---------- INFORMATION SUPPLIED

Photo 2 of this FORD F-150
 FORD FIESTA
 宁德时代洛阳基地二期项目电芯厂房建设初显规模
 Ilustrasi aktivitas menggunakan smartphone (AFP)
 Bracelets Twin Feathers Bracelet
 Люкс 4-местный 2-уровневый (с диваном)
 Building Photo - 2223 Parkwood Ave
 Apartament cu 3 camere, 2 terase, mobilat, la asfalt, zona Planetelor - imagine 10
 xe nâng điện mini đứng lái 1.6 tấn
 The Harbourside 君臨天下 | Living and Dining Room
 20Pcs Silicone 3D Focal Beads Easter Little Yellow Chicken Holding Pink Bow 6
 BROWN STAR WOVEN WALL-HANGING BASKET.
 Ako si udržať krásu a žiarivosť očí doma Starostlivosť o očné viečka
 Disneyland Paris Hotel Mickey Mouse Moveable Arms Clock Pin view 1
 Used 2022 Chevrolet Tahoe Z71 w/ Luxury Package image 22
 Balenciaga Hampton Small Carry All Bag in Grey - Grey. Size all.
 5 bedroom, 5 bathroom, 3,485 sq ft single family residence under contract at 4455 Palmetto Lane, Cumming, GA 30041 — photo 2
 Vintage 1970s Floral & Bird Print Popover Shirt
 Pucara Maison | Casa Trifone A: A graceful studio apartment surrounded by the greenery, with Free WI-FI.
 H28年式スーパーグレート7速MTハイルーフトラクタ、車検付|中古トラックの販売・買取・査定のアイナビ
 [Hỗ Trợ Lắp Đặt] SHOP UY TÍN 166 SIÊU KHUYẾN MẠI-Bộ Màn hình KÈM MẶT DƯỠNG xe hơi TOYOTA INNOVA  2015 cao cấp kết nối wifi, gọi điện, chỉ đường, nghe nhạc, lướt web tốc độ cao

--------------------

From the records above, extract exactly and only the lines that begin at the line with "Apartament cu 3" and stop after the line with "H28年式スーパーグレート7".

 Apartament cu 3 camere, 2 terase, mobilat, la asfalt, zona Planetelor - imagine 10
 xe nâng điện mini đứng lái 1.6 tấn
 The Harbourside 君臨天下 | Living and Dining Room
 20Pcs Silicone 3D Focal Beads Easter Little Yellow Chicken Holding Pink Bow 6
 BROWN STAR WOVEN WALL-HANGING BASKET.
 Ako si udržať krásu a žiarivosť očí doma Starostlivosť o očné viečka
 Disneyland Paris Hotel Mickey Mouse Moveable Arms Clock Pin view 1
 Used 2022 Chevrolet Tahoe Z71 w/ Luxury Package image 22
 Balenciaga Hampton Small Carry All Bag in Grey - Grey. Size all.
 5 bedroom, 5 bathroom, 3,485 sq ft single family residence under contract at 4455 Palmetto Lane, Cumming, GA 30041 — photo 2
 Vintage 1970s Floral & Bird Print Popover Shirt
 Pucara Maison | Casa Trifone A: A graceful studio apartment surrounded by the greenery, with Free WI-FI.
 H28年式スーパーグレート7速MTハイルーフトラクタ、車検付|中古トラックの販売・買取・査定のアイナビ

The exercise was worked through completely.